» THE DATA:
☆ ☆ ☆
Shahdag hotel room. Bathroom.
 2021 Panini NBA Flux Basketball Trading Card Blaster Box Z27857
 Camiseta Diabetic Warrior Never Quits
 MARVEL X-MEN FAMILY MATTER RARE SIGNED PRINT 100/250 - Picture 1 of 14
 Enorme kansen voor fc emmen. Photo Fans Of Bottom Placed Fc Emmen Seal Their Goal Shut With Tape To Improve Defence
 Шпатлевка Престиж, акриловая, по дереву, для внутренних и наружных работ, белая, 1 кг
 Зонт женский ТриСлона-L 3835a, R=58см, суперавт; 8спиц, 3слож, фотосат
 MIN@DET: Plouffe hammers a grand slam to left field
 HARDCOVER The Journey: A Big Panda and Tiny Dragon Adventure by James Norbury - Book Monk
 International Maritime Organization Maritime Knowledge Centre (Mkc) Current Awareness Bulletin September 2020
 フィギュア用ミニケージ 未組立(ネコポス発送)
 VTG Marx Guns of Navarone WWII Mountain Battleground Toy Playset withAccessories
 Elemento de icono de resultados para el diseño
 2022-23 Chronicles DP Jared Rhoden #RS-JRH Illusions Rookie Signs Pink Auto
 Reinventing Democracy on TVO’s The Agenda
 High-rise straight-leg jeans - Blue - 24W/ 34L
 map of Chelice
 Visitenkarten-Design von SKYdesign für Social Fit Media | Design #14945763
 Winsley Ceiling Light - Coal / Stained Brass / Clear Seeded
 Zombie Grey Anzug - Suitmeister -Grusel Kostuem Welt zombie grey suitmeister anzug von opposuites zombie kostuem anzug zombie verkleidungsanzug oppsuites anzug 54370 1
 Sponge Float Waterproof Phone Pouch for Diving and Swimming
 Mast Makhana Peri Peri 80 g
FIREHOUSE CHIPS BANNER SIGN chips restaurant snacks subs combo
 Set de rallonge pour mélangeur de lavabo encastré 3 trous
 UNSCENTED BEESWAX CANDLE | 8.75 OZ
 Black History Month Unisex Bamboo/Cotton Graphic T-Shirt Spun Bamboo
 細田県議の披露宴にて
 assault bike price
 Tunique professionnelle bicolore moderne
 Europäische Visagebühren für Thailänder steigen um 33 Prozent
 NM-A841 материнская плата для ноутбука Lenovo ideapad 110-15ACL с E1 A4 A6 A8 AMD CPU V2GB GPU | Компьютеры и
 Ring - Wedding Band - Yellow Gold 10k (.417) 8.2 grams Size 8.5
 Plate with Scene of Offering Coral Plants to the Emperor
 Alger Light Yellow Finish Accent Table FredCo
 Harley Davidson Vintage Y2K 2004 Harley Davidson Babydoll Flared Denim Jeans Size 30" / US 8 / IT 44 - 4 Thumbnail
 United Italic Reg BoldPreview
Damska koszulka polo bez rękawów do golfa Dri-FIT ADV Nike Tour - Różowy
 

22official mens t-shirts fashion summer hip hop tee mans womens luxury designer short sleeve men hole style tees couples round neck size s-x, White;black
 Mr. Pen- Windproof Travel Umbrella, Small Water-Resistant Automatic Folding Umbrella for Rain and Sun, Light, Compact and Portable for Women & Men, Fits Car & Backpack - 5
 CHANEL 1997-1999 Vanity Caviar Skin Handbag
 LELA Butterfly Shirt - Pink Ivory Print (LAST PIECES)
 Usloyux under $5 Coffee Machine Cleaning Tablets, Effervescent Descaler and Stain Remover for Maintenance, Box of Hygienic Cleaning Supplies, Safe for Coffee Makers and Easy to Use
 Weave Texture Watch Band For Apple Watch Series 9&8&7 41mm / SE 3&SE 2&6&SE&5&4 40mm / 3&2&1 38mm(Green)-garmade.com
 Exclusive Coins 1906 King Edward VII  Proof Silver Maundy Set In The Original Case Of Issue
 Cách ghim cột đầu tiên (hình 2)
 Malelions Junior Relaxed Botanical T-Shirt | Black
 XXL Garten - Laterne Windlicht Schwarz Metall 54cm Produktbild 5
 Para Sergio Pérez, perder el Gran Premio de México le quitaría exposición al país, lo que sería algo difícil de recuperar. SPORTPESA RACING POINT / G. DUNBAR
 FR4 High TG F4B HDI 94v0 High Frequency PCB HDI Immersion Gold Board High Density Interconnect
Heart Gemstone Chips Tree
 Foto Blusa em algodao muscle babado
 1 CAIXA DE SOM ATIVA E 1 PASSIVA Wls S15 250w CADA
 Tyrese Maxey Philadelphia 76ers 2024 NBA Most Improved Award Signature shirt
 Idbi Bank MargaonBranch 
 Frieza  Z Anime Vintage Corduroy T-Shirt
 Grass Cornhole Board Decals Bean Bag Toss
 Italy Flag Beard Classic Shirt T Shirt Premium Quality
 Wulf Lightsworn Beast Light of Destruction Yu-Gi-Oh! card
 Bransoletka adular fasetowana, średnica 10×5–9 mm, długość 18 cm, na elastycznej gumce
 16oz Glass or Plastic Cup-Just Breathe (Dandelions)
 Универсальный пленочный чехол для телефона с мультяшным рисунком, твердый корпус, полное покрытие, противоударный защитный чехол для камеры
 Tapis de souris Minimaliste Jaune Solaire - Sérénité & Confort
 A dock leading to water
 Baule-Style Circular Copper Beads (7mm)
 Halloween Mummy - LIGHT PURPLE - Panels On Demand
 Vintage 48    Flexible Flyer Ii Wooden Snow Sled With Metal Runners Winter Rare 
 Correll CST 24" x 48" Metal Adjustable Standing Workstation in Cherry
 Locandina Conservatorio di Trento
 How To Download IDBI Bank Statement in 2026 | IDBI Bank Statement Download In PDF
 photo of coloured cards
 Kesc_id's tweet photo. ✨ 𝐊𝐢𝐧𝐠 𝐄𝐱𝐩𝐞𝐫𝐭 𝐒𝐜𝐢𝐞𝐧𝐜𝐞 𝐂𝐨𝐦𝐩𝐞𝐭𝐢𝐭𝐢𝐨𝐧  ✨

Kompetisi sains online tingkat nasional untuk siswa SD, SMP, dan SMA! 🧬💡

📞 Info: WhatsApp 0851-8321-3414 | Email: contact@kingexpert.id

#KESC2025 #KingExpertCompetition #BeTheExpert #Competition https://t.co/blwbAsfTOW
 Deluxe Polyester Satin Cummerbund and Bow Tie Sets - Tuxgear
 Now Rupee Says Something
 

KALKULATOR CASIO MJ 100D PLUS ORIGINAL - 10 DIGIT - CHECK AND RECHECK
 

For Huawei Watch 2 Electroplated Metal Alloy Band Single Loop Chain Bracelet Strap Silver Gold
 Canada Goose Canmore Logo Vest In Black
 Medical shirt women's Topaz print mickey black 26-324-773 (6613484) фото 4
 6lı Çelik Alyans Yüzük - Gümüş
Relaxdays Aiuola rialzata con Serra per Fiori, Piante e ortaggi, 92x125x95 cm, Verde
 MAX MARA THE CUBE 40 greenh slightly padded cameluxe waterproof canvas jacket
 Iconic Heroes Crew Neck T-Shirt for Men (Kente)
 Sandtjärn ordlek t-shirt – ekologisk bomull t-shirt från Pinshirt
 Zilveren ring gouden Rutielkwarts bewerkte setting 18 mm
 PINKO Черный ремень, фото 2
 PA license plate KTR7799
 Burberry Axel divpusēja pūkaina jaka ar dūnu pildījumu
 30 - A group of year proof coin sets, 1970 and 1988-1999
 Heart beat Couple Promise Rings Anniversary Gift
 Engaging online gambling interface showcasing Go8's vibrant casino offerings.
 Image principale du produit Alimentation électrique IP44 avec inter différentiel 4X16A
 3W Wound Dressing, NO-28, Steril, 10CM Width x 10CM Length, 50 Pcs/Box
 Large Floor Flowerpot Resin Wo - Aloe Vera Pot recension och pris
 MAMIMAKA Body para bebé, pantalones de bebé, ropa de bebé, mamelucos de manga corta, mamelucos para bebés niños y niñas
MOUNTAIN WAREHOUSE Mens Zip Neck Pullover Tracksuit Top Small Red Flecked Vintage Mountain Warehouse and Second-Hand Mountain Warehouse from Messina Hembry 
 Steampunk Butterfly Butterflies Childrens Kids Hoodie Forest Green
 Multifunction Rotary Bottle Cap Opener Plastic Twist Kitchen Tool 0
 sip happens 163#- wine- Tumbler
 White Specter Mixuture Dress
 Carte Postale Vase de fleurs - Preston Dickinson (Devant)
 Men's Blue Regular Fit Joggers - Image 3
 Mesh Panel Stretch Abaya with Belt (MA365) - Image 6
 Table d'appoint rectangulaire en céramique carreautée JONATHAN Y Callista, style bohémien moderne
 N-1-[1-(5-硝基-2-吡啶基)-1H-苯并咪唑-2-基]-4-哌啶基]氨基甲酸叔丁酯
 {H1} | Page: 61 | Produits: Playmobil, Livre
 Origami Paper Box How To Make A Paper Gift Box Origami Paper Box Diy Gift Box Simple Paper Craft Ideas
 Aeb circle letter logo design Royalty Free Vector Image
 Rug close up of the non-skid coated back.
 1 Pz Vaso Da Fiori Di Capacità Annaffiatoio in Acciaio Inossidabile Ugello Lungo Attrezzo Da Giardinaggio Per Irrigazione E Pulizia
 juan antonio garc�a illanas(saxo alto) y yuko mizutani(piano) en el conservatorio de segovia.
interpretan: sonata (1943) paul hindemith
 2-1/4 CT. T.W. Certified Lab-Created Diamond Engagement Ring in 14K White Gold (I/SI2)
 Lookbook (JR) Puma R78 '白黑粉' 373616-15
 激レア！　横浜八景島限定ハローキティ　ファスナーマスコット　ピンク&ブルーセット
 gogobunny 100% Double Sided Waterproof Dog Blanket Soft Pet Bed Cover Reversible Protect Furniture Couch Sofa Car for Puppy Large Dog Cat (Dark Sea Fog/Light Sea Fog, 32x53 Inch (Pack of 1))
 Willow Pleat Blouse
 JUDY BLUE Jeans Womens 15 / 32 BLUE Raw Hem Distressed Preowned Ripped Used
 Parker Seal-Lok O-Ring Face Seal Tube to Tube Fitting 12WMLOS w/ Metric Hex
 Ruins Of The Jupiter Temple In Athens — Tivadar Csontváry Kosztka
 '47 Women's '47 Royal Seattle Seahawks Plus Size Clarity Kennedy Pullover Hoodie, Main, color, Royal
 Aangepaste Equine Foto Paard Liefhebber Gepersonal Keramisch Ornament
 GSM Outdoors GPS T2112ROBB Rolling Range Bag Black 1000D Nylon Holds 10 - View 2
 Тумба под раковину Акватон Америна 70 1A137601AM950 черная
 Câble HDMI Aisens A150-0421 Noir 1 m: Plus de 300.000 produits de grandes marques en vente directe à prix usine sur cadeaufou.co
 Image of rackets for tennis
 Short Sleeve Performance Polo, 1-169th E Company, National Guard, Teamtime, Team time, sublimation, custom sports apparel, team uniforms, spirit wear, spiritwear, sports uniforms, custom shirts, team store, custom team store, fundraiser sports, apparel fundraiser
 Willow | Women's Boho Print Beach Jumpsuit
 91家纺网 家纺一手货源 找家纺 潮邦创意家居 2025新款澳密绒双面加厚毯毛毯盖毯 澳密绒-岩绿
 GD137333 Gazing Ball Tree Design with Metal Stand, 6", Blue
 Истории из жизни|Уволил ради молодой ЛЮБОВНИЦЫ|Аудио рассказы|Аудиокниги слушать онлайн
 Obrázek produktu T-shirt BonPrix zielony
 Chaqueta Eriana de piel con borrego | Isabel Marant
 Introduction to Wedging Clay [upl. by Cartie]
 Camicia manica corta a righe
☆ ☆ ☆
» TASK OBJECTIVE: Filter the records down to the lines containing the word "moderne", and copy those.

» TASK RESULT:
 Tunique professionnelle bicolore moderne
 Table d'appoint rectangulaire en céramique carreautée JONATHAN Y Callista, style bohémien moderne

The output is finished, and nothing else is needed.